*** RECORD EXCERPTS Section Begins ***

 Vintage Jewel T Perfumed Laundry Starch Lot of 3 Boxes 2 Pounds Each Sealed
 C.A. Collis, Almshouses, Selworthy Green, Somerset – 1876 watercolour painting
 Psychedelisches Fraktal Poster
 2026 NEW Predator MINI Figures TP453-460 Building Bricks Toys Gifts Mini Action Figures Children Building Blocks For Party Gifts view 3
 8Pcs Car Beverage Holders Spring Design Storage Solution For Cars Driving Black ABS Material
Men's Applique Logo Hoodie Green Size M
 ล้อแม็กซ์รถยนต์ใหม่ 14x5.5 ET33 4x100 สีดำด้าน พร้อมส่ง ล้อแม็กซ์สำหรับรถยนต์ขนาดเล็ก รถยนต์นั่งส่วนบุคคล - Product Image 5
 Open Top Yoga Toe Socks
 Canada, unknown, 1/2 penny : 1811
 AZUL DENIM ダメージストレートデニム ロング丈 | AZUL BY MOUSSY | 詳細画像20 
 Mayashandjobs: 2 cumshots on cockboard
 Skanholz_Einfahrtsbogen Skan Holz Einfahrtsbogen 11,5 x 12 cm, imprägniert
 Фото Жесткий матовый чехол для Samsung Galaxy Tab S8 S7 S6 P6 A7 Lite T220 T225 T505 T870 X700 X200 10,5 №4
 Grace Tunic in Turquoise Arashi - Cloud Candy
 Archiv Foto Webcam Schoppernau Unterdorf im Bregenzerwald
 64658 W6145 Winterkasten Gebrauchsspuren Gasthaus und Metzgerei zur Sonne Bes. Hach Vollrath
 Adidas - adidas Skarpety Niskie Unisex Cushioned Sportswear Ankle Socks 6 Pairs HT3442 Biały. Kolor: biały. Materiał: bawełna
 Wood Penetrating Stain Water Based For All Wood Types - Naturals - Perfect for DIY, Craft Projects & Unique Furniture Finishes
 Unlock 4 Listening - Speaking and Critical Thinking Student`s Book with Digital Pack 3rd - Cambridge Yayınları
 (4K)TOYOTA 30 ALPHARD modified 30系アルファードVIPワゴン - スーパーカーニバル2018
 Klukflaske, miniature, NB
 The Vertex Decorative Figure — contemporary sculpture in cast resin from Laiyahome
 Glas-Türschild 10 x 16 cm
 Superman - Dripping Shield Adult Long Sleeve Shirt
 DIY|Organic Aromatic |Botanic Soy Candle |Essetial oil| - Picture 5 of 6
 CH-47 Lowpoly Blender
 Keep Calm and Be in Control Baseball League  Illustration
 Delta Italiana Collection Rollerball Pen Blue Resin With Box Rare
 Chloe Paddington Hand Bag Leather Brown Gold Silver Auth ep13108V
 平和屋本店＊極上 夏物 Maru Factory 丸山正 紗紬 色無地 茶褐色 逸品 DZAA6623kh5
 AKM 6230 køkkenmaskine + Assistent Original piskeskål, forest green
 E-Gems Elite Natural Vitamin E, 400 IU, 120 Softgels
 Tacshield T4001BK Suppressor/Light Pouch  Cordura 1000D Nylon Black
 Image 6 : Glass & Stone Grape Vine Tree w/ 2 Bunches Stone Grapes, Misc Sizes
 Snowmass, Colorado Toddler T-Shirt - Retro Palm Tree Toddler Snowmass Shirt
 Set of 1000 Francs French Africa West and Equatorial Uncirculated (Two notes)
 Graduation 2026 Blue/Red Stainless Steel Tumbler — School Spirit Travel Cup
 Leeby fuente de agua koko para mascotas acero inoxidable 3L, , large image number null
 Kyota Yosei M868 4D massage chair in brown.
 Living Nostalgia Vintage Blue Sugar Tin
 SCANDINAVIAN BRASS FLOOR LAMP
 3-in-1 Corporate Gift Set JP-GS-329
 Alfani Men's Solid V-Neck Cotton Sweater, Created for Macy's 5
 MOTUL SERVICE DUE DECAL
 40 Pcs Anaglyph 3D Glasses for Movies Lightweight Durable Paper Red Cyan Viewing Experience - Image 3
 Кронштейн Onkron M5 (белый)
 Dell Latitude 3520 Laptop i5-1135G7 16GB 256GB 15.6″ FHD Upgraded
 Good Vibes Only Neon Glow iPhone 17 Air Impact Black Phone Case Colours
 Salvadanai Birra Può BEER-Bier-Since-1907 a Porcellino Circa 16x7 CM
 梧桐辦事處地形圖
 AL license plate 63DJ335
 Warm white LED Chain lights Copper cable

*** RECORD EXCERPTS Section Ends ***

Each line in the data where the string "Vintage" occurs should be identified and copied.

 Vintage Jewel T Perfumed Laundry Starch Lot of 3 Boxes 2 Pounds Each Sealed
 Living Nostalgia Vintage Blue Sugar Tin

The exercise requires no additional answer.